It’s a big job keeping up with all the cultural references, namesakes, and identity thieves of Gravel and of Gold—but we’ll continue to do it until our teeny tiny shop is 100% synonymous with those two words.
Let’s start out with this fellow from Las Vegas calling himself desertout on eBay who makes it his business to auction off miniature gold mining kits featuring zip-lock baggies of Real Placer GOLD gravel (no need to waste your time searching for the stuff yourself!), a pan, suction tweezers (which look like huh?), a 1/2 oz. vial to contain your newfound fortune, and instructions—all for a mere starting bid of $9.95, or $10.95 if you But It Now. Sneaky! And cool, but not as cool as our shop.
Then there are the too little, too late pack of 100 gold Mike Gravel ’08 refrigerator magnets, which could still be yours for a measly $149.99 + shipping and handling from JQdesigns. Of course, buying them would probably do very little to help out Mike, less to help rectify the blight of ’ems in that there product description, and may prove a distraction from purchasing something actually rad from our shop.

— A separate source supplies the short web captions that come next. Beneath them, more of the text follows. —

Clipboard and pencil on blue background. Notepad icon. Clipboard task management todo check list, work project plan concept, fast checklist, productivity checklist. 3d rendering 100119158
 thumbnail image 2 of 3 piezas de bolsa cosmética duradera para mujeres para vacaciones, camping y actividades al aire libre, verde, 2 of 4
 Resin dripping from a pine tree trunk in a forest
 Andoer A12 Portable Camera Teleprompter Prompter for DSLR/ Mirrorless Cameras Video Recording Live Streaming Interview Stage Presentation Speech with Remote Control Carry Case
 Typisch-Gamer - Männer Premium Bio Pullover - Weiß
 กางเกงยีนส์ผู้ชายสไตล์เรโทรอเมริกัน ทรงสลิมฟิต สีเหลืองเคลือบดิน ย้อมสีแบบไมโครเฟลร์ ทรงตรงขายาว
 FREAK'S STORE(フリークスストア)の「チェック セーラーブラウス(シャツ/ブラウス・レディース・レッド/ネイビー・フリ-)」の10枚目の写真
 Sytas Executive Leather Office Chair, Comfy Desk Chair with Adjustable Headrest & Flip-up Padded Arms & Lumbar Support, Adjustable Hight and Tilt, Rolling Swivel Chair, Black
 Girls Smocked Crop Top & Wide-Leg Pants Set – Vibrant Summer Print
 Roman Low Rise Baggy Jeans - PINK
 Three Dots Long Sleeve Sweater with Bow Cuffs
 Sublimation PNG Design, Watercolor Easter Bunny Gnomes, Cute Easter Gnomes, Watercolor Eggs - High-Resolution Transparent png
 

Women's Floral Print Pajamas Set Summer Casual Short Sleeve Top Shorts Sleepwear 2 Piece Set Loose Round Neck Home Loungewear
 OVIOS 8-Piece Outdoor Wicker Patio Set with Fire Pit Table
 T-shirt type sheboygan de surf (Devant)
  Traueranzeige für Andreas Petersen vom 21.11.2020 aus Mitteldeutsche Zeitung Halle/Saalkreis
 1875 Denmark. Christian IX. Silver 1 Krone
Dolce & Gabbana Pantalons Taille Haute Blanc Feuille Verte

Well then. The bright, fresh coconut-laden island in this sea of copycat disaster has been the discovery of Gravel Gertie, an excellent lady character in the old Dick Tracy comics. Not just a character, she’s also a farmer widow! Cop fleer! Silver fox! Treasure map scalp tattoo haver! It’s all just too much good for me to paraphrase the Wikipedia paraphrase. I’ll serve it up for you whole:
Gravel Gertie – former criminal and now wife of B.O. Plenty. Introduced in The Brow episode. She is a widow for thirty years after her first husband sold her farm rights for a gravel pit and then died when his car backed into gravel pit. Tried to hide the Brow from the police after she found him in wrecked car; arrested when her hair from her clothes brush matched gray hair found near burning car. In a comic relief the Brow flees in terror when he catches his first glimpse of his guardian angel. In his struggle to escape an old fashioned lamp is knocked over; her shack burns down and her long hair is burned off. Later married B.O. Plenty and became mother of Sparkle Plenty. In a later continuity, it was established that Gertie had spent part of her childhood in an orphanage; while she was there, criminals shaved her head and tattooed onto her bald pate a treasure map showing the location of their buried loot, then allowed her hair to regrow to conceal the map … which was belatedly rediscovered well into Gertie’s adulthood.
Hero, right! Am I right! Amazing Aunite Gertie, come on over any time. Don’t be shy, we ain’t mad at you. We’ve got a stripey shirt with your name on it.